The offender’s ability to commit crime can be physically removed in several ways. This can include cutting the hands off a thief, as well as other crude punishments. The castration of offenders is another punishment that can be justified by incapacitation, furthered by recent media coverage in Britain of the proposed chemical castration of sexual offenders. Incapacitation, in this sense, can include any number of punishments including taking away the driving license off a dangerous driver but can also include capital punishment.
Despite this, incapacitation is predominately thought of as incarceration. Imprisonment has the effect of confining prisoners, physically preventing them from committing crimes against those outside, i.e. protecting the community. Before the widespread use of imprisonment, banishment was used as a form of incapacitation. Nowadays courts have a flexible array of sentence options available to them that can restrict offender’s movements, and subsequently their ability to commit crime.
Selective incapacitation is a modified form of incapacitation that rationalizes the practice of giving only dangerous and persistent offenders long, and in some case indefinite, prison sentences. The approach adopts a utilitarian viewpoint that regards the protection, and subsequent happiness, of the majority as justification of giving excessive and indefinite prison sentences. There is, however, strong moral opposition to this concept.

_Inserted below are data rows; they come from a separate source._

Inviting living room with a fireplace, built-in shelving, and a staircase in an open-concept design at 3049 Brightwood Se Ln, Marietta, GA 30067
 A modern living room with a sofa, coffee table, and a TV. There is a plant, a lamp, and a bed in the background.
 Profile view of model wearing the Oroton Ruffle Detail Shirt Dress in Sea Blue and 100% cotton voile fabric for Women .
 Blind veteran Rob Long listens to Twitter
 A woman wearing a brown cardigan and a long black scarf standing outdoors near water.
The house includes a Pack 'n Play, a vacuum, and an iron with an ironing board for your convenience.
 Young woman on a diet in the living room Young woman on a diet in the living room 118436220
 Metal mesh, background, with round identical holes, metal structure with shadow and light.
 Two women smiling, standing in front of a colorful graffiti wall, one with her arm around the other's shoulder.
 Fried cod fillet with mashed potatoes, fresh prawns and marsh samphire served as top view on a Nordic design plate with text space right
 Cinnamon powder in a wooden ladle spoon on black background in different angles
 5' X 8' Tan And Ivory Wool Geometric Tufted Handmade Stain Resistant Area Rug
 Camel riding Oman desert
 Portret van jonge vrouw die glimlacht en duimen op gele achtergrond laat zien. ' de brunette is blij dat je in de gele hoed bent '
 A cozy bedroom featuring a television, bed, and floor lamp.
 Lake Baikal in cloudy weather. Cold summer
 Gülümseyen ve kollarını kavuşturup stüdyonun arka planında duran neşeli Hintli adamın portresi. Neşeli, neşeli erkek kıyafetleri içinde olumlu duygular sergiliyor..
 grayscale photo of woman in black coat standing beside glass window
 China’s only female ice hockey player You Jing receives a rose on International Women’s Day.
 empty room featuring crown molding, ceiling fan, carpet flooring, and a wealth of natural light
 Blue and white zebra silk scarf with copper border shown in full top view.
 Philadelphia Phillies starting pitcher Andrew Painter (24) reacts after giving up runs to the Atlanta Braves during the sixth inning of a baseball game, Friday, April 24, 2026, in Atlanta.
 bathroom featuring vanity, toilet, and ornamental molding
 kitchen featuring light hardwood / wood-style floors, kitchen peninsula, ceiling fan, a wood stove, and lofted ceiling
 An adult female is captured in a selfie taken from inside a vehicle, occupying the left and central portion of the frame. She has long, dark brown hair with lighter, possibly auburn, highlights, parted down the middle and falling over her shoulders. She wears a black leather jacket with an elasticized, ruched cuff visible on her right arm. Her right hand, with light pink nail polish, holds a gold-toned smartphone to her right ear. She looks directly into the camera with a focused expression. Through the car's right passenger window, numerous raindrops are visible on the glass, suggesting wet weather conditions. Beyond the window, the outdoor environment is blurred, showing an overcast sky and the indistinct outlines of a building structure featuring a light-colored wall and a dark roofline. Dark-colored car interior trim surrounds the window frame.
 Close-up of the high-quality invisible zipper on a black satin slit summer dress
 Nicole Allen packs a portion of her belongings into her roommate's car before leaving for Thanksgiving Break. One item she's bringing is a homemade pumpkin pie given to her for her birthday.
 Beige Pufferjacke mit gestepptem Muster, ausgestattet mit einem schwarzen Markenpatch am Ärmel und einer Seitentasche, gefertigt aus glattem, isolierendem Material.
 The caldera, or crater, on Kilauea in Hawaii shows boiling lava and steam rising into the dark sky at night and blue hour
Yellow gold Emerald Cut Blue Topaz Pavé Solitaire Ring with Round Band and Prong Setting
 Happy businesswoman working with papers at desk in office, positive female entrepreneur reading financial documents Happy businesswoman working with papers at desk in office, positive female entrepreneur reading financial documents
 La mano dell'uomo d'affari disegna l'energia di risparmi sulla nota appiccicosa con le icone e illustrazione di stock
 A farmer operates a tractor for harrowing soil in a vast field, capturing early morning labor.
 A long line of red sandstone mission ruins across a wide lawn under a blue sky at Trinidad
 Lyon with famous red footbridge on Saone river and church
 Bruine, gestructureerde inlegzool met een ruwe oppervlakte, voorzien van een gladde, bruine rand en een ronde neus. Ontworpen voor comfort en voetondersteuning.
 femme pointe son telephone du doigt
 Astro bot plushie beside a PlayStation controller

Retribution is the practice of "getting even" with a wrongdoer. The suffering of the wrongdoer is seen as good in itself, even if it has no other benefits. One reason for societies to include this judicial element is to diminish the perceived need for street justice, blood revenge and vigilantism However, some argue that this is a "zero sum game", that such acts of street justice and blood revenge are not removed from society, but responsibility for carrying them out is merely transferred to the state. Retribution sets an important standard on punishment the transgressor must get what he deserves, but no more. Therefore, a thief put to death is not retribution; a murderer put to death is.
The term retribution can be used in several senses. It can indicate vengeance or expiration, however, it is today more commonly associated with giving the offender his just deserts and using punishment as a censure or denunciation. The desire for vengeance theory is that the punishment satisfies the victim's desire for vengeance, and the state is exacting vengeance on their behalf to prevent private retaliation. Such a view finds little support today. Expiration requires the offender to work off his guilt; he must be purified through suffering. The essence of the expiratory view is that in suffering his punishment, the offender has purged his guilt, has paid for his crime, and that his account with society is therefore clear.
Justice and fairness ensure that all people must bear the consequences of obeying the law equally. Thus punishment is necessary to remove the benefits gained by the offender. The concept of just deserts has attracted criticism as there is the suspicion that the idea of desert cannot be distinguished from a principle of vengeance or the unappealing assertion that two wrongs somehow make a right. Although, there are two main advantages to desert based punishment. First, it imposes limits on the states power in that excessive exemplary or incapacitate sentences become unacceptable. Second, it reduces the unjustifiable sentencing disparity, as two offenders whom commit the same crime will receive similar punishments, irrespective of race, culture or background.
References:
Schmalleger, F. (2008). Criminal Justice Today. New Jersey: Prentiss Hall.
Vogler, R. (2005). A World View of Criminal Justice. New York: Routledge.
Wallace, H. & Roberson, C. (2005). Principles of Criminal Law. New York: Pearson.